Task to carry out — Among the entries, find the lines with the string "Hardcover" and report them.

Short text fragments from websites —
════

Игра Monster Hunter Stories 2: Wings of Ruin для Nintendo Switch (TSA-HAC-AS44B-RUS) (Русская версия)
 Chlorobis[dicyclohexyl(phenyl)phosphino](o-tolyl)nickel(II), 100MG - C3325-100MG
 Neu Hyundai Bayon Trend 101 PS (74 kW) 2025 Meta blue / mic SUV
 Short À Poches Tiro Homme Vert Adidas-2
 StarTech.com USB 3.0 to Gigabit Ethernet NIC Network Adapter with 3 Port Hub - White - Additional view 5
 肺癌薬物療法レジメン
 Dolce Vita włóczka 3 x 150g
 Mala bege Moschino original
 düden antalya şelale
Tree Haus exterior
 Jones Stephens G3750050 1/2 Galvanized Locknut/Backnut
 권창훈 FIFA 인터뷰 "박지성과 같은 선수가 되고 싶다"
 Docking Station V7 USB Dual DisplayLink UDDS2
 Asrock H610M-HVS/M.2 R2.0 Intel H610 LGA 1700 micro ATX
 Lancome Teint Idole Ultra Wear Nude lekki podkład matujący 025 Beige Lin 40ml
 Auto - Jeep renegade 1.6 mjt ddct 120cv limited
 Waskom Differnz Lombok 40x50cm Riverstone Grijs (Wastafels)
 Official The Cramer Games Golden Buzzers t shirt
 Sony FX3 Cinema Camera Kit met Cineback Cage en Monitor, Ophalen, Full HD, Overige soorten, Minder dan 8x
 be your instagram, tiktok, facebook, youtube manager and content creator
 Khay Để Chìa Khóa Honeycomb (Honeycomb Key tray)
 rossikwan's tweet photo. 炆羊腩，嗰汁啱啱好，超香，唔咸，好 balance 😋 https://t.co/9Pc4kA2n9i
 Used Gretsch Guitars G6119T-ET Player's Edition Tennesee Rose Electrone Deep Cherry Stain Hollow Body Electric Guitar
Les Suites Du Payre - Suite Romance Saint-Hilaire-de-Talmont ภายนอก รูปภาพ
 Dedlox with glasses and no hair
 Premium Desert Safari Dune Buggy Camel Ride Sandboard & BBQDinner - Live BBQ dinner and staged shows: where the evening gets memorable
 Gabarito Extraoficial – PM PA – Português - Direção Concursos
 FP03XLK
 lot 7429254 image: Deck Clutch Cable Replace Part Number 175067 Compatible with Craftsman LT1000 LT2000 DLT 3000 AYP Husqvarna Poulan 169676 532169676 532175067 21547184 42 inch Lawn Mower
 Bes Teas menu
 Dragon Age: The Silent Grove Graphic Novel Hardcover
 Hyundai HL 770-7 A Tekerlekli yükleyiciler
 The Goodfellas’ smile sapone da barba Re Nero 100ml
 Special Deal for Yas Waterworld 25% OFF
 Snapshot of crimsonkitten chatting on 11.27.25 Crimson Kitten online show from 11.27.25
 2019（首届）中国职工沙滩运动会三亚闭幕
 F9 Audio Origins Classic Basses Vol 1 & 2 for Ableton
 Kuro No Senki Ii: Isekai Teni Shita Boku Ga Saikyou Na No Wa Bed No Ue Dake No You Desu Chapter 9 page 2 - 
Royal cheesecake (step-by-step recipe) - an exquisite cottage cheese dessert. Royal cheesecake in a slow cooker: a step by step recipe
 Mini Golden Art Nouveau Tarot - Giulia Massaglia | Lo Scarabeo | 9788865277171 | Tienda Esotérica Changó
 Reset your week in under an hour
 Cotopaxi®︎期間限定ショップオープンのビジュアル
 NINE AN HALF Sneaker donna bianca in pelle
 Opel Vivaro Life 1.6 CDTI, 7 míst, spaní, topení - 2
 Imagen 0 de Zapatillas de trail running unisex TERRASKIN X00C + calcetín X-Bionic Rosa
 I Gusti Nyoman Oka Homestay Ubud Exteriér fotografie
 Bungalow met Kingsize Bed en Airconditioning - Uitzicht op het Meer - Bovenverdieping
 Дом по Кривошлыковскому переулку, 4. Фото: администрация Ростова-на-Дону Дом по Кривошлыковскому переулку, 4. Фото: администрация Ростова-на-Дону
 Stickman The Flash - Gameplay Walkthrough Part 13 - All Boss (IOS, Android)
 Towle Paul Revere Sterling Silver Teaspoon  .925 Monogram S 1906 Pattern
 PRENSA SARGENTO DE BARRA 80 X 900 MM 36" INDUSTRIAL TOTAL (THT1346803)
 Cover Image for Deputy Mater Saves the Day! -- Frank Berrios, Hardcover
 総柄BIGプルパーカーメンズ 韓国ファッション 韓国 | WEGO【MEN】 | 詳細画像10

════

Solution for this task —
 Dragon Age: The Silent Grove Graphic Novel Hardcover
 Cover Image for Deputy Mater Saves the Day! -- Frank Berrios, Hardcover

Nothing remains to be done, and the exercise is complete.